<<<<

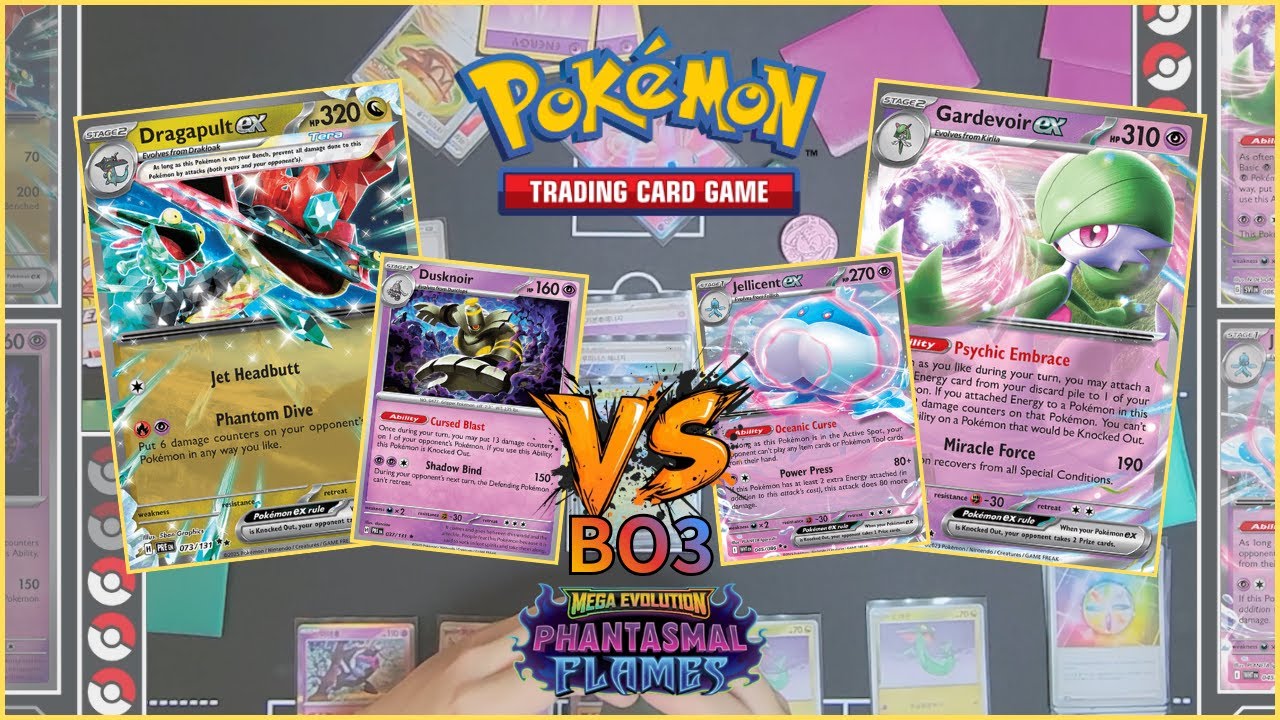 [PTCG] Dragapult/Dusknoir VS Gardevoir/Jellicent _ BO3 (Phantasmal Flames)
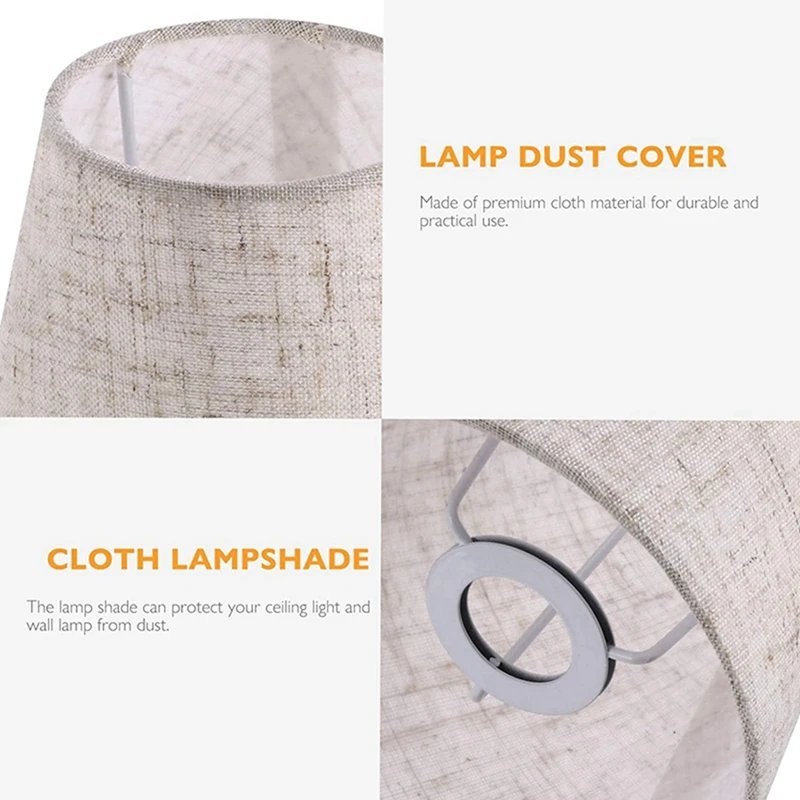 3X Small Lamp Shade Cloth Lamp Cover Chandelier Lamp Dust Cover Fabric Lamp Accessory For Table Lamp And Floor Light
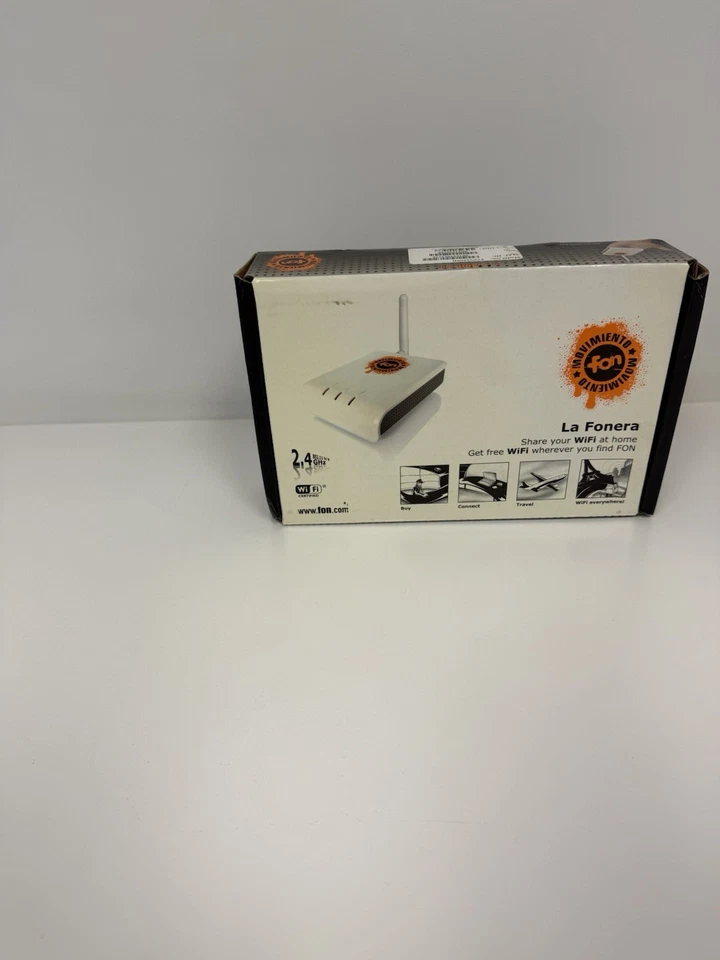 La Fonera 2.4 GHz 802.11 b/g Wireless Router 54 Mbps Brand New - Image 2 of 4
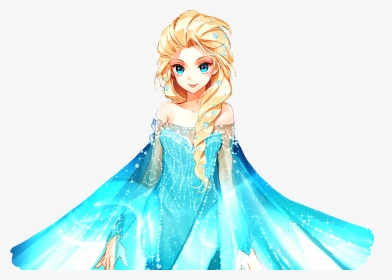Frozen Elsa Anime Version, HD Png Download , Transparent Png Image - PNGitem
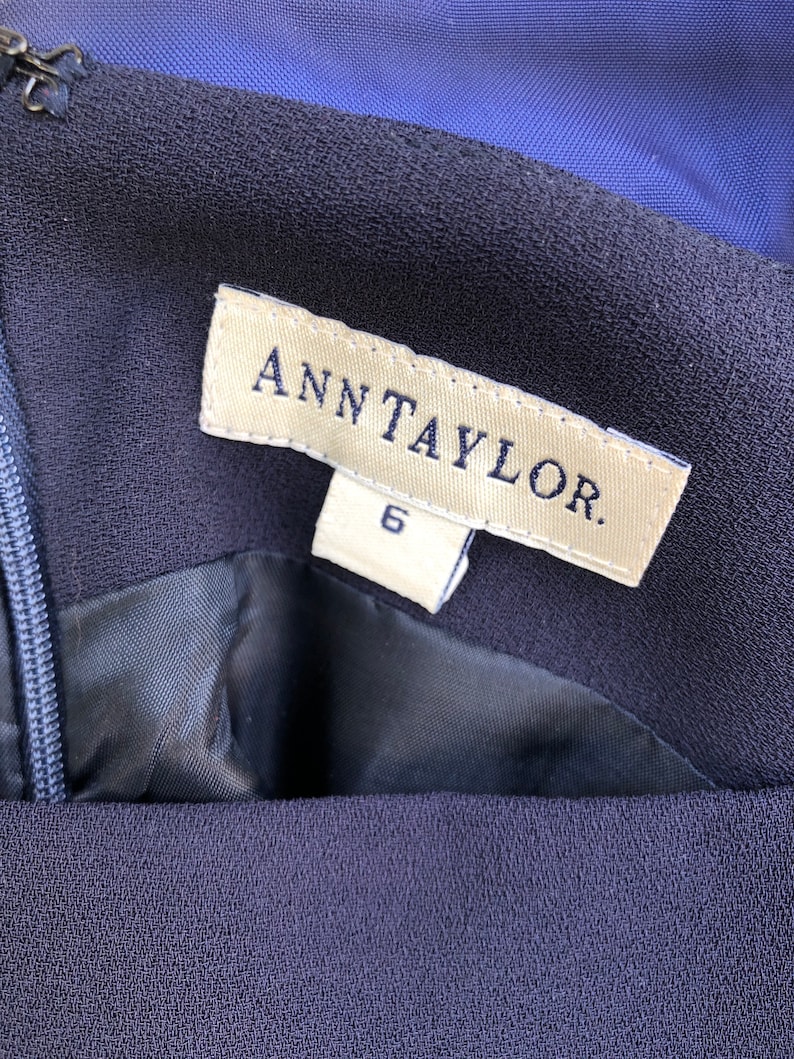 90s Navy Pleated Skirt Dress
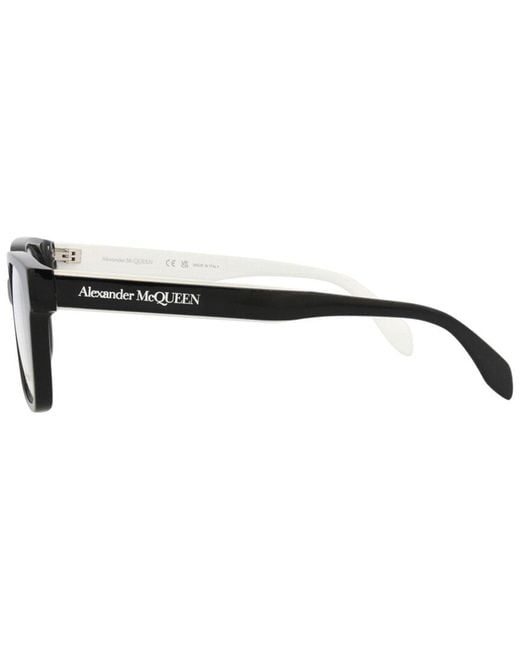 McQueen Black Am0358O 52Mm Optical Frames for men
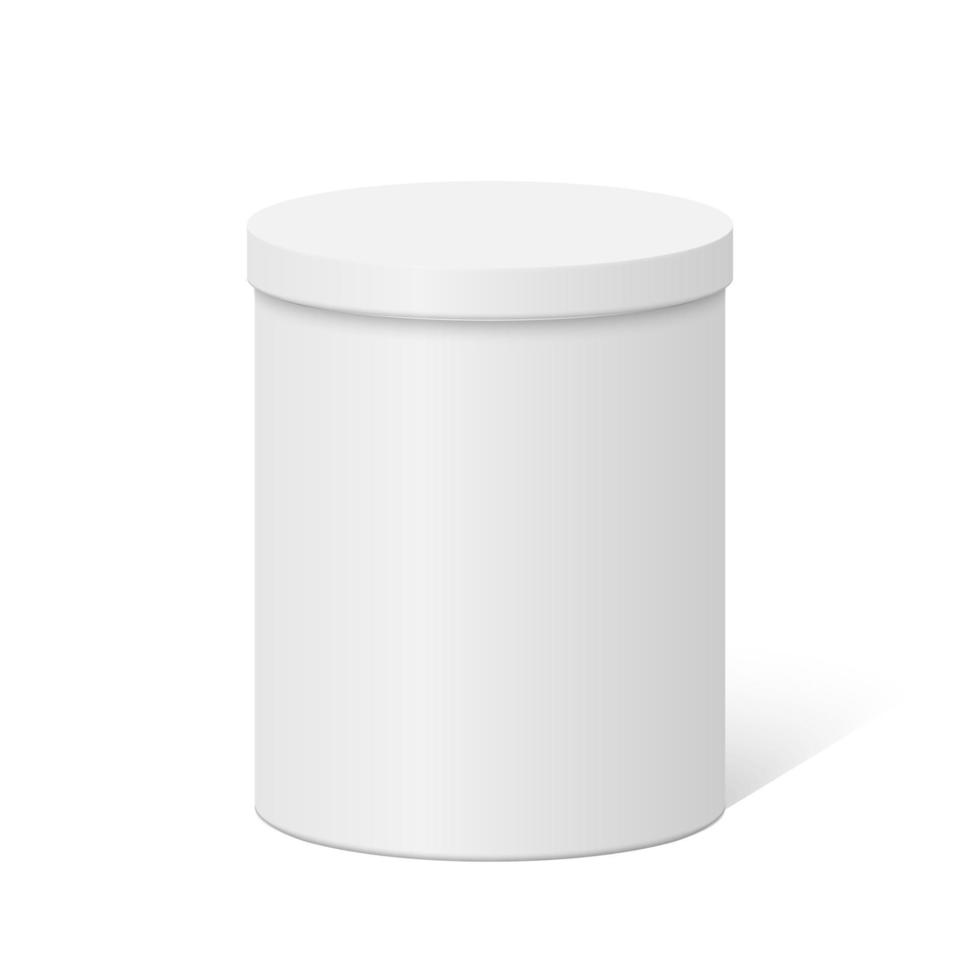 Plastic round container box vector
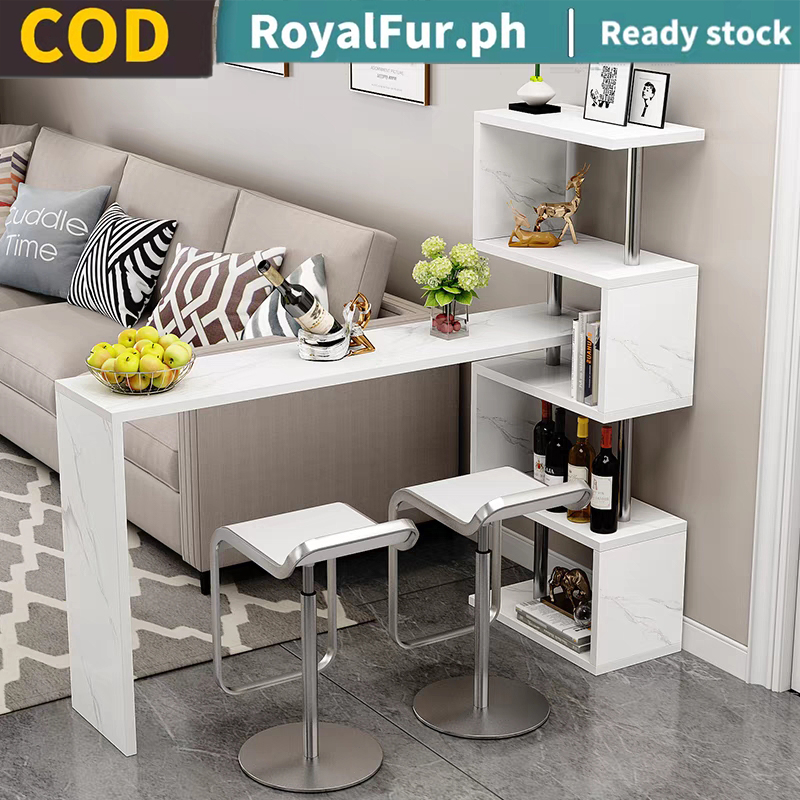 COD Modern MINI Bar Table Rotating 360 Swivel Bar Counter Table Coffee ...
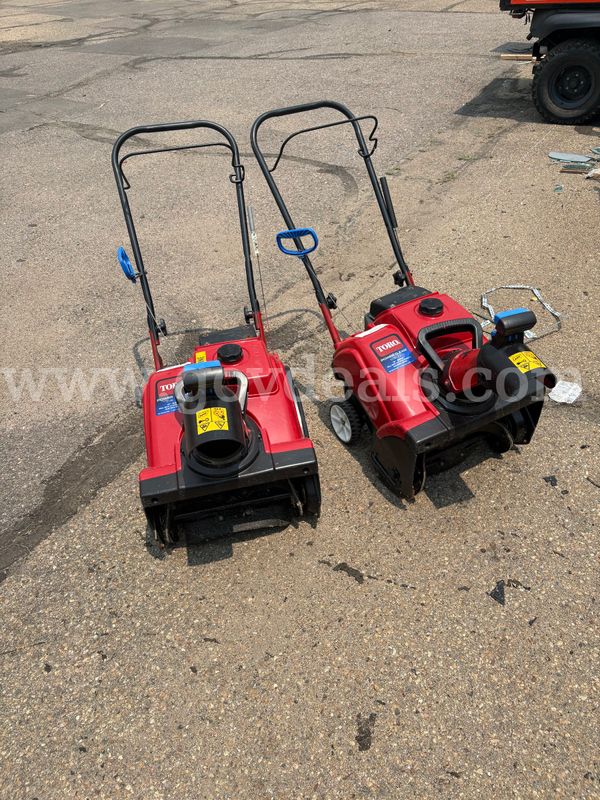 A Lot of 2-TORO Power Clear 518ZE  Snow Blowers' Condition Unknown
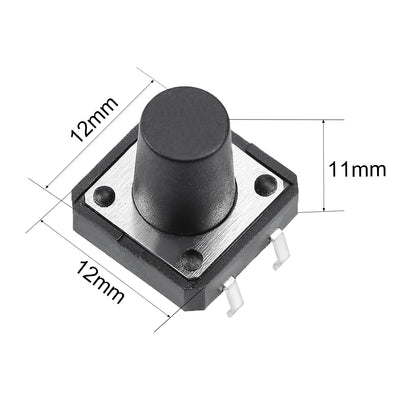 Harfington 12x12x11mm Panel Mini/Micro/Small PCB Momentary Tactile Tact Push Button Switch DIP 20PCS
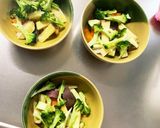 根菜茄子肉無し和風梅照り煮味温野菜サラダ作り方8写真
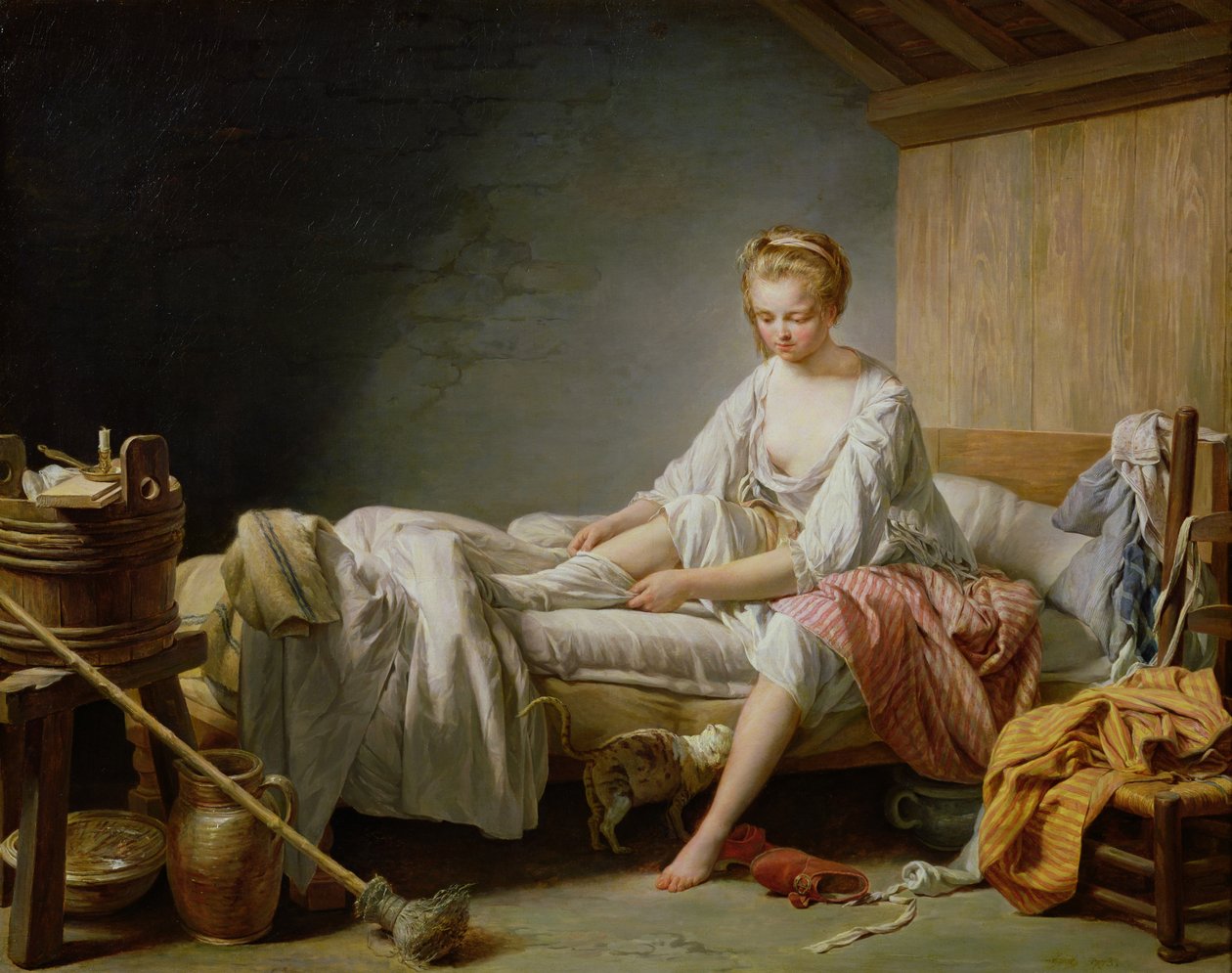 The Lever of Fanchon (olej na plátně) od Nicolas Bernard Lepicie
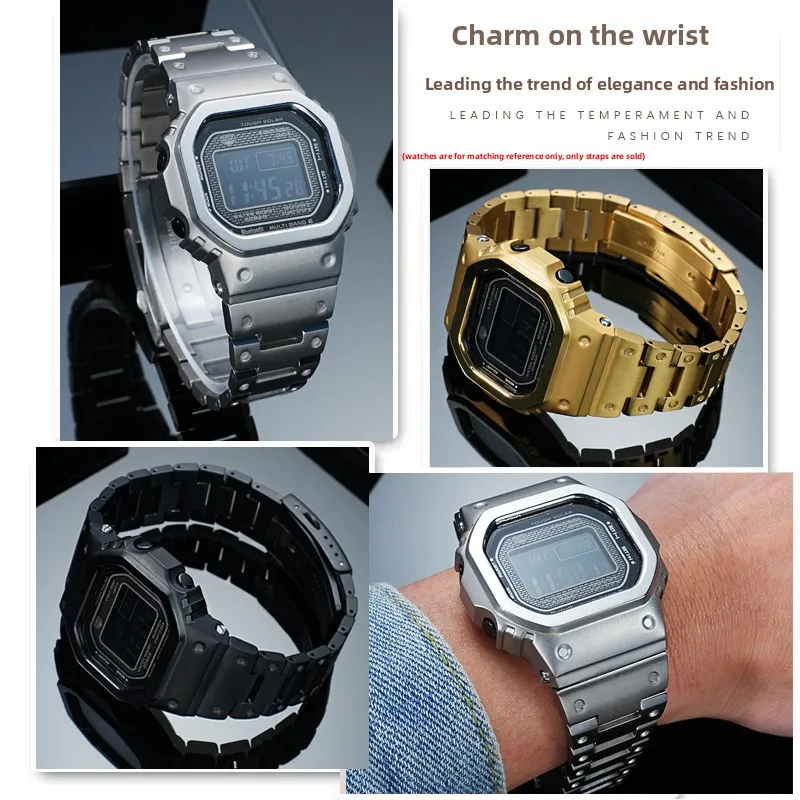 GMW B5000 Titanium alloy case+strap For Casio G-SHOCK GMW-B5000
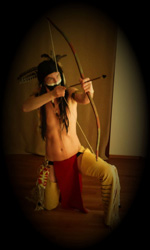 Loinclothed hobby; Obrzek dne - the picture od the day - awa rel -  Akecheta-kohana, native indian reenacting 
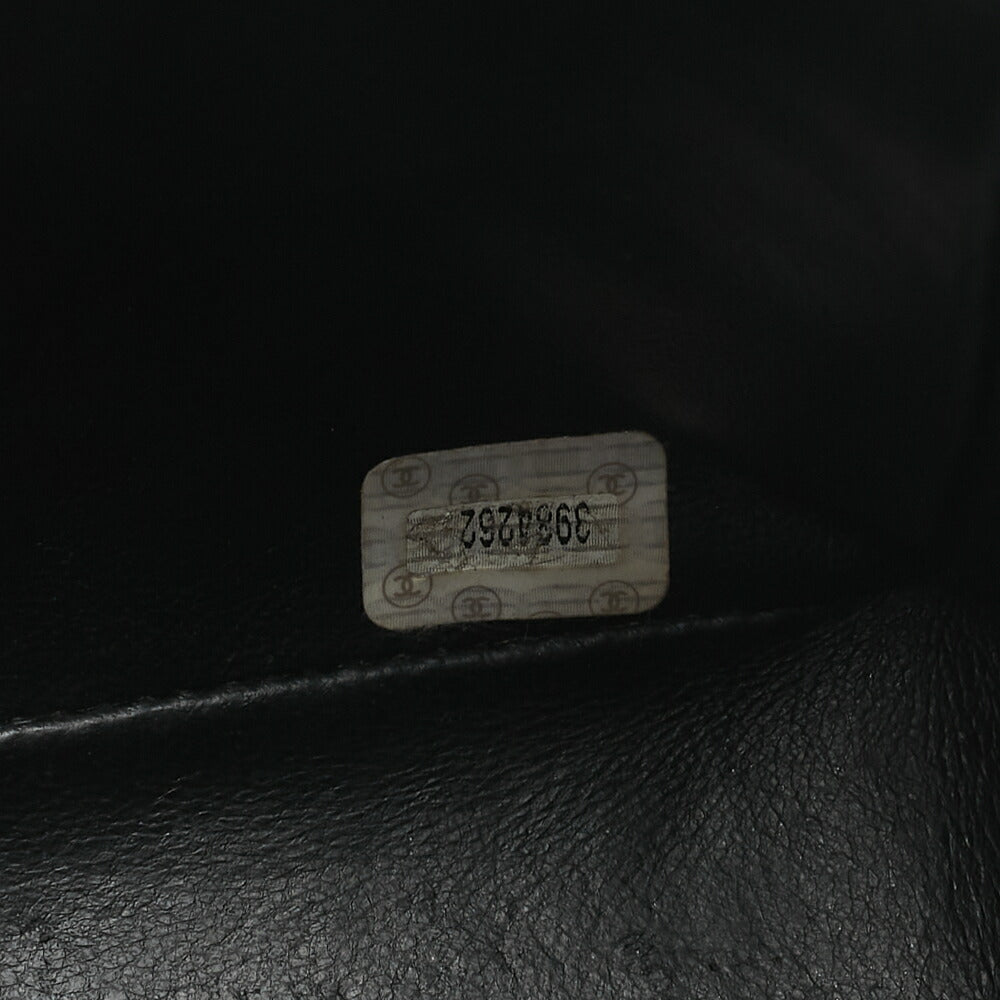 CHANEL Deca Matelasse 30 Turnlock Chain Shoulder Bag Lambskin Black Gold-Tone Hardware, Pre-Owned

>>>>

**What to produce**
Beginning at the line with "A Lot of 2-TORO", reproduce word for word each line through the last line of the records. Include both ends but no pictures.

**Expected answer**
 A Lot of 2-TORO Power Clear 518ZE  Snow Blowers' Condition Unknown
 Harfington 12x12x11mm Panel Mini/Micro/Small PCB Momentary Tactile Tact Push Button Switch DIP 20PCS
 根菜茄子肉無し和風梅照り煮味温野菜サラダ作り方8写真
 The Lever of Fanchon (olej na plátně) od Nicolas Bernard Lepicie
 GMW B5000 Titanium alloy case+strap For Casio G-SHOCK GMW-B5000
 Loinclothed hobby; Obrzek dne - the picture od the day - awa rel -  Akecheta-kohana, native indian reenacting 
 CHANEL Deca Matelasse 30 Turnlock Chain Shoulder Bag Lambskin Black Gold-Tone Hardware, Pre-Owned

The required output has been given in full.